═════ Supplied information

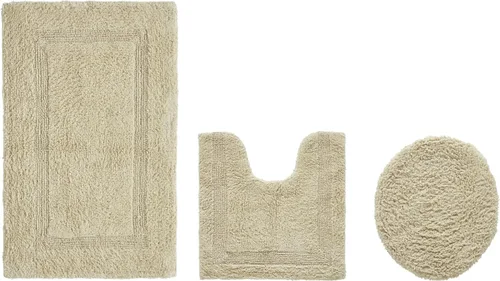 Vista 240 de Better Trends - Juego de 2 alfombras de baño 100% algodón, extra suaves, con borlas, de 17" x 24", alfombra de baño superabsorbente y reversible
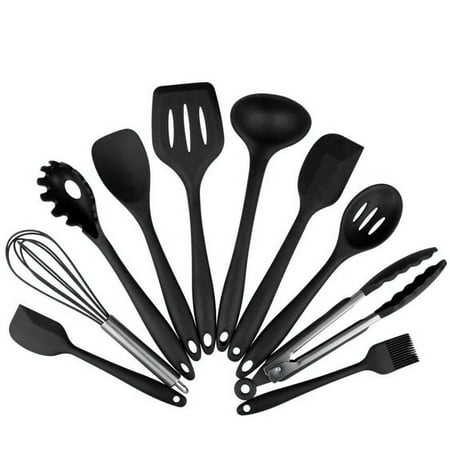 Kitchen Utensils - 10 Piece Cooking Utensils - Nonstick Utensil Set - Silicone and Stainless Steel Kit For Pots and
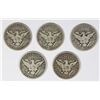 Image 2 : LOT OF 5 DIFFERENT BARBER HALF DOLLARS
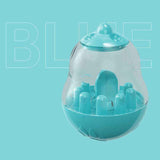 2Pcs  Pet Tumbler Feeder Puzzle Toy Pet Training Dispenser-sky blue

══════════

▸ Work task: This exercise asks for the data above to be given again exactly, without pictures.

▸ Solved problem:
 Vista 240 de Better Trends - Juego de 2 alfombras de baño 100% algodón, extra suaves, con borlas, de 17" x 24", alfombra de baño superabsorbente y reversible
 Kitchen Utensils - 10 Piece Cooking Utensils - Nonstick Utensil Set - Silicone and Stainless Steel Kit For Pots and
 Image 2 : LOT OF 5 DIFFERENT BARBER HALF DOLLARS
 2Pcs  Pet Tumbler Feeder Puzzle Toy Pet Training Dispenser-sky blue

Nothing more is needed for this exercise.